It Certified Its Own Forgery

It Certified Its Own Forgery

The holy grail of AI-assisted work is a machine that can check its own output, close the loop, and let us take the human out of the middle. But verification was never a capability problem. It's an independence problem, and a system checking its own work has its own blind spots. A master forger — and the chemistry that finally caught him — explains why the loop can tighten but likely never close.

When I was a kid we played the telephone game at birthday parties. A dozen of us in a line, somebody whispers a sentence to the first kid, it travels ear to ear down the row, and the last kid says it out loud. Purple monkey dishwasher. The whole game is the gap between what went in and what came out, and the laugh is always proportional to how far the thing drifted. It was lossy transmission before I’d ever heard the term “lossy.”

Here’s the part nobody notices, because the game is built to hide it. Every kid in that line is doing their honest best. There’s no saboteur. Each one faithfully repeats what they heard. And the message turns to nonsense anyway, every time, without fail. So where does the error come from, if nobody introduces it on purpose?

It comes from the one rule of the game: you check what you heard against the kid before you, never against the original. Every link verifies against a source that’s already in drift. The mistakes don’t cancel. They compound, because each node treats the last node’s output as the truth. Change that single rule — let every kid glance at the original sentence written on a card — and the drift vanishes. The chain holds. Same kids, same whispering, everyone still doing their best. The only thing that changed is what they checked against. That version of the game is awful, mind you, but it does correct the drift. I learned this firsthand as a teenager making rap tracks with two tape decks for a DIY multitrack — lay down a layer, bounce it to the second deck while performing the next track over the top, then bounce that back to add another. Each pass piled on more hiss, so I had to nail the whole song within three generations, improvising hard to keep the layer count down. There was no clean original to return to, only the last hissy copy. Telephone, in a bedroom studio.

I’ve been thinking about telephone and lossy loops lately because I’ve been building a lot of AI-assisted software, and the thing my developer friends and I keep circling, the thing that would change everything if we could get it, is a machine that can check its own work.
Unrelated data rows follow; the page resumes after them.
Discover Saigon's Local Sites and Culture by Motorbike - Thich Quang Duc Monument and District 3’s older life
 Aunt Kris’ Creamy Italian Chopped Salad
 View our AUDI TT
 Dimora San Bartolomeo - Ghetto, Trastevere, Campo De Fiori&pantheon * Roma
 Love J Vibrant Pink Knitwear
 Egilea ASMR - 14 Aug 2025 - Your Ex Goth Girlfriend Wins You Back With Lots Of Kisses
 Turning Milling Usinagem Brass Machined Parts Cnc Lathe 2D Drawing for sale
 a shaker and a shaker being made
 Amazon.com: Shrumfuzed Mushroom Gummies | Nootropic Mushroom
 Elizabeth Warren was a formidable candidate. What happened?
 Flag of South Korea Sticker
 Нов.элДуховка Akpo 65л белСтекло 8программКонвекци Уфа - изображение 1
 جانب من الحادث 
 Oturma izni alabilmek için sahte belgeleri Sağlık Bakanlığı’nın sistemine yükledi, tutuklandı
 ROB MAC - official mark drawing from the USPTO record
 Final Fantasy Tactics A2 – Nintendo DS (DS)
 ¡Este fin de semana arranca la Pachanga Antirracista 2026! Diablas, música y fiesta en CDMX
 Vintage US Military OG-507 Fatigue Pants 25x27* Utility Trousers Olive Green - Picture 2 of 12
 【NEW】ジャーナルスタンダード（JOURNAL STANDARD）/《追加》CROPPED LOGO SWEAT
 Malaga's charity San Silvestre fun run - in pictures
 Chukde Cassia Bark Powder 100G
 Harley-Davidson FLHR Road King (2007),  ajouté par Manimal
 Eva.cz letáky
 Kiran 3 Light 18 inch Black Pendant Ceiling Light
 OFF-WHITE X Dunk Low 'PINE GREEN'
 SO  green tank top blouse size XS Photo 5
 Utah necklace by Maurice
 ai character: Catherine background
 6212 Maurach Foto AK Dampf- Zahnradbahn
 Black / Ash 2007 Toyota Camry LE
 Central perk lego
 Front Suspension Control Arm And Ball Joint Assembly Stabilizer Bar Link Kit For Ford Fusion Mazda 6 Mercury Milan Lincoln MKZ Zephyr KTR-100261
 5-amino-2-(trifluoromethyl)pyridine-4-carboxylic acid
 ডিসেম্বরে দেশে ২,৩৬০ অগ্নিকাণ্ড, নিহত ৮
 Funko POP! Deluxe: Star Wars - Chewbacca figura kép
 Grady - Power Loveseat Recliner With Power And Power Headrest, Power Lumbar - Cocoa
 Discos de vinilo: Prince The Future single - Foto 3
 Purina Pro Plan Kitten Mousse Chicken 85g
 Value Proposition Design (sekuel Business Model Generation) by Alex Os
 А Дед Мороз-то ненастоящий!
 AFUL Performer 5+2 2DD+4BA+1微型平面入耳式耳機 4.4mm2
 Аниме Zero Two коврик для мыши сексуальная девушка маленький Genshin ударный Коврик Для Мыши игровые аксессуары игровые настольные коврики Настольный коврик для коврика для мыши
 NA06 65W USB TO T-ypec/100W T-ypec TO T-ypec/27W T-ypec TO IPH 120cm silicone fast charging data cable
Now that holy grail might be the very thing that puts us all out of a job, but we seek it nevertheless.

The holy grail is a closed loop

Right now the generative half is extraordinary while the verifying half is still human and slow. The model writes the code in seconds; a person still has to read it, run it, and decide whether to trust it. The dream — the real one, the thing that would let any of this scale past the bottleneck — is an AI that verifies what another AI made, well enough that you can finally take the human out of the middle. Generate, check, ship, nobody in the loop. Trust at machine speed.

It sounds like a capability problem, something we can engineer our way past. We just need a verifier model that’s good enough. Make the checker smart enough and the loop closes itself. Write more tests.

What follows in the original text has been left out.